Her comments didn't make you overeat. You overate because you're an emotional eater and got triggered. You need to accept responsibility. That said you need to distance yourself from triggers, pls do this.

Bonjovispjs · 29/07/2022 09:53

I'd be cutting this vile woman out of my life completely if I were you, leave your husband to deal with her venom and also, it's got absolutely fuck all to do with her what you do with your old clothes.

MumW · 29/07/2022 09:55

londonlass71 · 29/07/2022 09:52

Her comments didn't make you overeat. You overate because you're an emotional eater and got triggered. You need to accept responsibility. That said you need to distance yourself from triggers, pls do this.

Your as bad as the MIL, knocking the OP when she's already down.
I know this is AIBU but your comment is totally uncalled for.
If you can't say anything constructive then don't say anything.

IcakethereforeIam · 29/07/2022 09:55

Start commenting how old she's getting and she should give her away some of her clothes because they only suit younger women and she's never going to be young again. Mention mutton dressed as lamb.

No, don't do that, but jfc I'll never understand why some people are so needlessly mean!

FictionalCharacter · 29/07/2022 09:55

She’s obviously way out of order, but even if you did want to give away your old clothes, they’re not hers and she has no right to take them.

MumW · 29/07/2022 09:56

*You're - bloody autocorrect. 🙄

ticktickticktickBOOM · 29/07/2022 09:57

She's a bully, plain and simple. Either stop speaking to her or rise above it and become thicker skinned to her bullying comments. Once you gain the confidence, laugh at her silly comments and tell her she's just jealous of your youth.

Teach your children that their grandmother is insensitive and make sure they let you know if she ever upsets them or makes them feel uncomfortable. Otherwise she might bully them too.

gunnersgold · 29/07/2022 09:58

She sounds horrid , what is wrong with some people ??!!

I suppose because she is Asian she is the matriarch and everyone does what she says ..

This is not for me and you shouldn't have to deal with it .

bollygu · 29/07/2022 10:06

I would take the matter of fact approach to her appearance.

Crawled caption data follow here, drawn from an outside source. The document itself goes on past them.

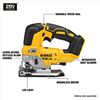 DEWALT XR 20V Max Keyless Jigsaw Kit, small image number 2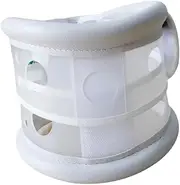 Healeved 1pc Breathable Lifting Neck Neck Support Brace Adjustable Neck Brace Adjustable Neck White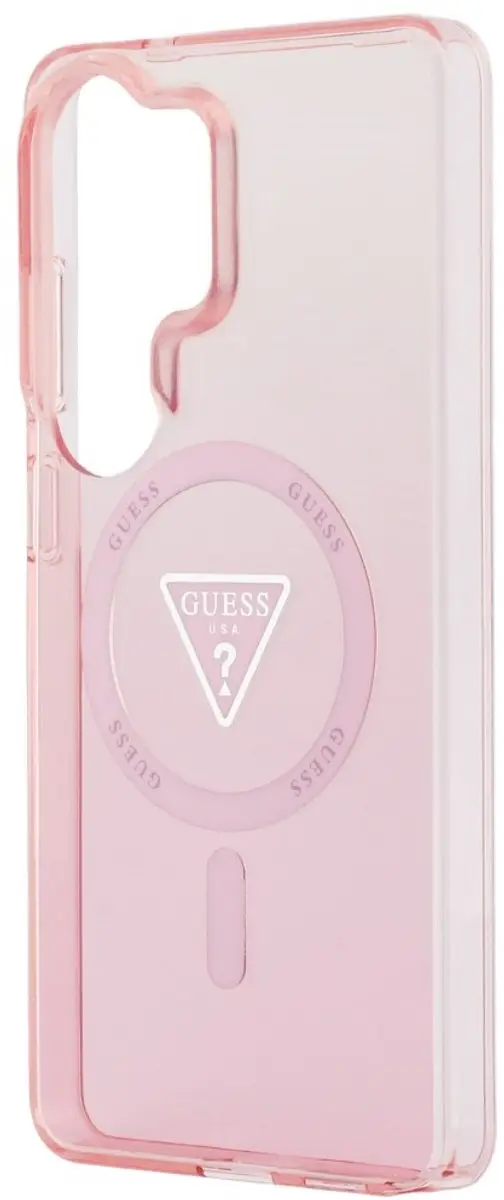 GUESS IML Gradient Triangle MagSafe Hoesje - Samsung Galaxy S26 Ultra - Roze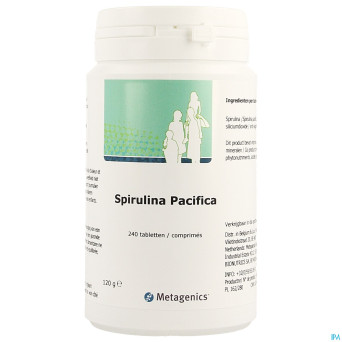 Spirulina pacifica    comp 240x500mg metagenics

One of my aunts in front of other family said I let myself go after having dc (Ive put on weight but still into looking nice) & I need to cut back on working to spend more time in the gym. I told her she should be more concerned with her own appearance as all those sun holidays had wracked havoc on her skin & maybe take one less holiday & spend the money on fixing her underbite. She never said anything since.

Weatherwax13 · 29/07/2022 10:07

She's a poisonous bitch and must be a big factor in why you're so sad and punishing yourself with emotional eating. Getting shot of her would be the first step in changing your life for the better love.

StrangeCondition · 29/07/2022 10:17

londonlass71 · 29/07/2022 09:52

Her comments didn't make you overeat. You overate because you're an emotional eater and got triggered. You need to accept responsibility. That said you need to distance yourself from triggers, pls do this.

Way to be supportive 🙄

KatyN · 29/07/2022 10:17

From another angle (but she sounds like a bitch).
Does she (and your husband) understand why you gained the weight? There were traumas which by their nature are traumatic. Keeping those clothes is how you are choosing to deal with Your trauma.

That's really badly explained.. but my experience: I had my driving licence taken away for medical grounds. I had no idea if I would ever get it back. It was a tough time getting a diagnosis and dealing with it.
My husband suggested we sell our second car. I had to explain I wasn't ready to accept I would never drive again and for the cost of tax I needed to keep it.

For the cost of storage (and these people who need your old clothes) you might not be ready to accept the trauma.

Also I'm available to tell her to do one.

Luredbyapomegranate · 29/07/2022 10:29

She sounds like a total bitch, so more than annoying.

Look up grey rock and start applying that technique to her.

Contact your community centre and look around locally and try and find an assertiveness course.

Look up alternative ways to deal with your emotions than comfort eating. bEAT is a good online resource.